REQUIREMENT
All of the records below are to be output exactly; no image belongs in the result.

Records from a data source
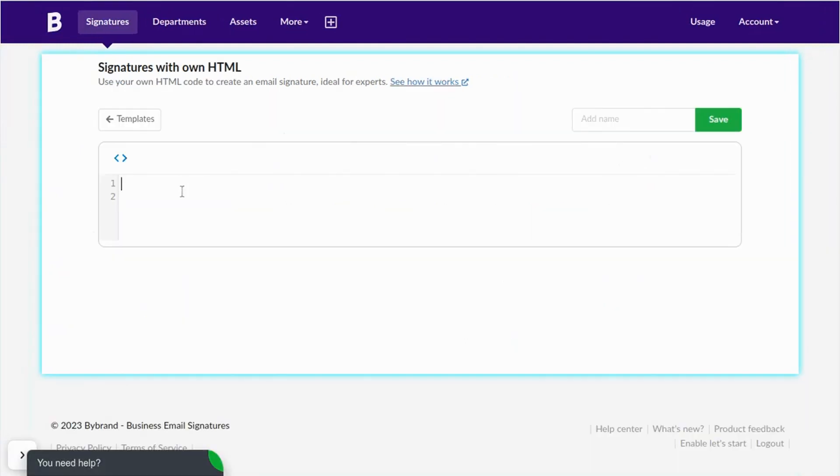This is the HTML editor page. Add your HTML in the text area or start typing from scratch.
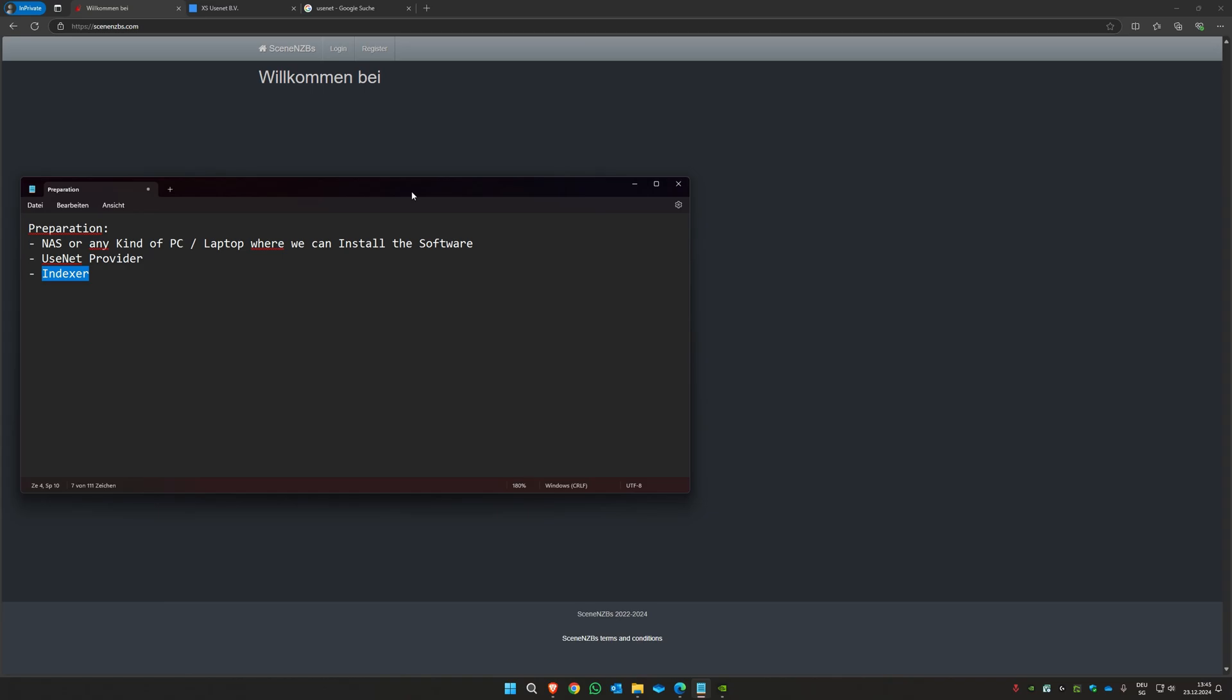You can also find a lot of providers on Reddit. That's it for the preparation, and we'll see you in the next video. Take care.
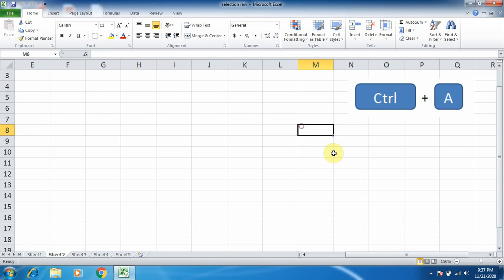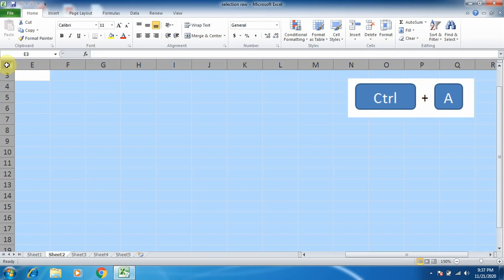Or you can see that there is a button which is used to select the entire worksheet. Bring your mouse pointer here and left mouse click. By this, you can see the entire worksheet is selected.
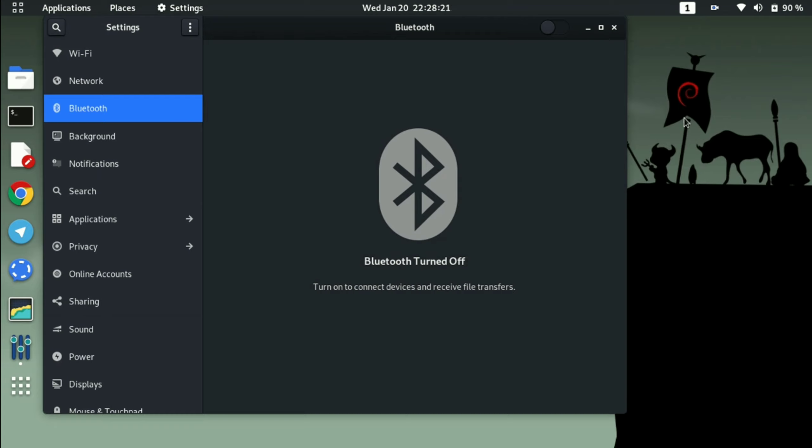But yeah, there is a trick by which you can enable this, and the device list will start showing here.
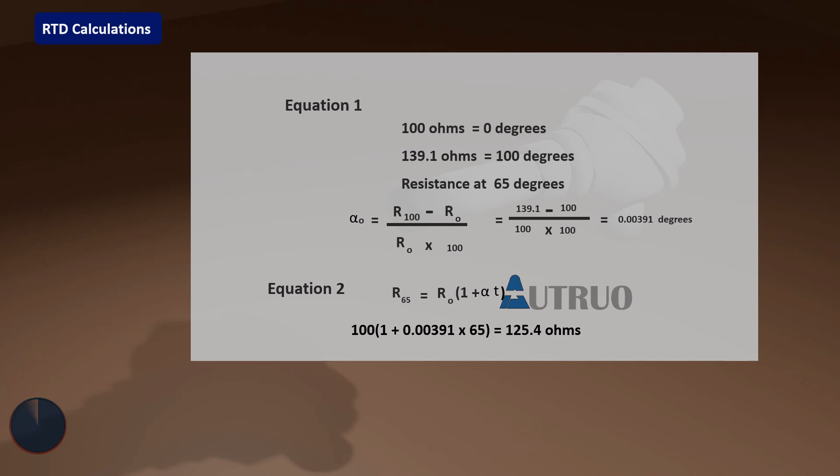That's it on temperature measurement. Hope you have learned a lot today. See you in our next series.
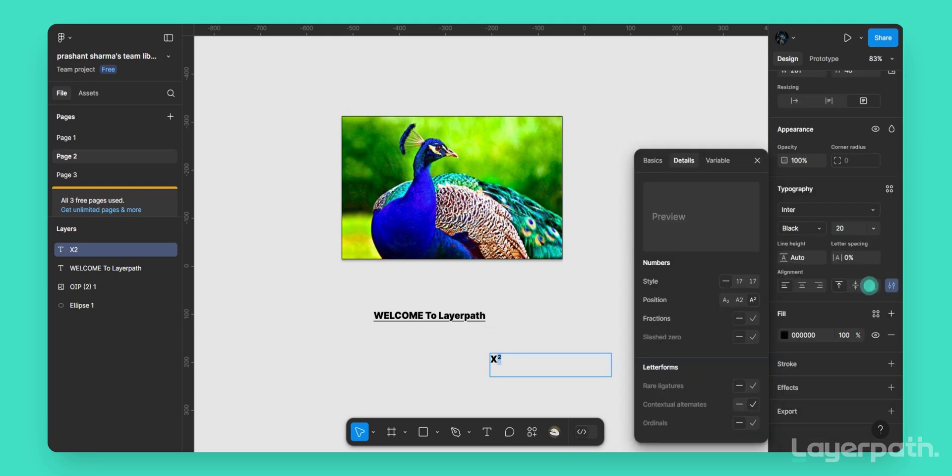In the right-hand panel, look for the Type Details section. Click on the Settings icon to change the text properties.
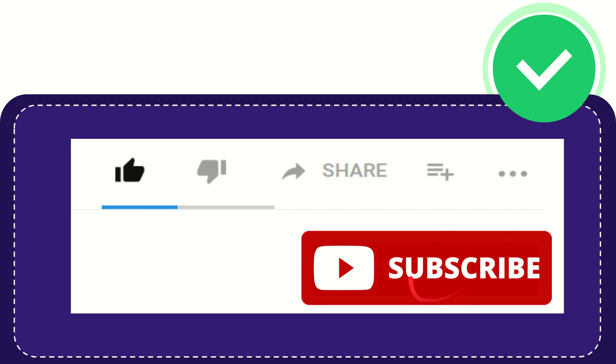And yeah, don't forget to subscribe. I think that's all of it. Thank you so much for watching this video and see you again in another video. Bye bye, see you again.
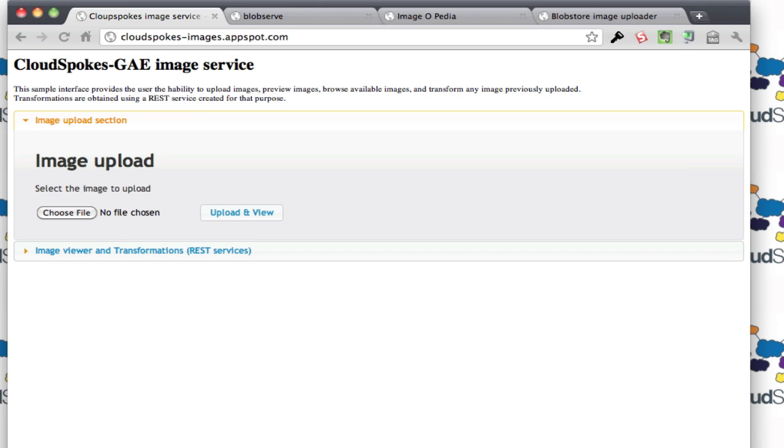The first place is Mural, and this is his app right here. He actually met all the requirements, plus he blew it out of the water. In addition to the requirements such as uploading an image, returning the Blob key and the serving URL or the image preview functionality, he also baked in REST services and an Ajax UI.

WRITTEN RESPONSE
This is the HTML editor page. Add your HTML in the text area or start typing from scratch.
You can also find a lot of providers on Reddit. That's it for the preparation, and we'll see you in the next video. Take care.
Or you can see that there is a button which is used to select the entire worksheet. Bring your mouse pointer here and left mouse click. By this, you can see the entire worksheet is selected.
But yeah, there is a trick by which you can enable this, and the device list will start showing here.
That's it on temperature measurement. Hope you have learned a lot today. See you in our next series.
In the right-hand panel, look for the Type Details section. Click on the Settings icon to change the text properties.
And yeah, don't forget to subscribe. I think that's all of it. Thank you so much for watching this video and see you again in another video. Bye bye, see you again.
The first place is Mural, and this is his app right here. He actually met all the requirements, plus he blew it out of the water. In addition to the requirements such as uploading an image, returning the Blob key and the serving URL or the image preview functionality, he also baked in REST services and an Ajax UI.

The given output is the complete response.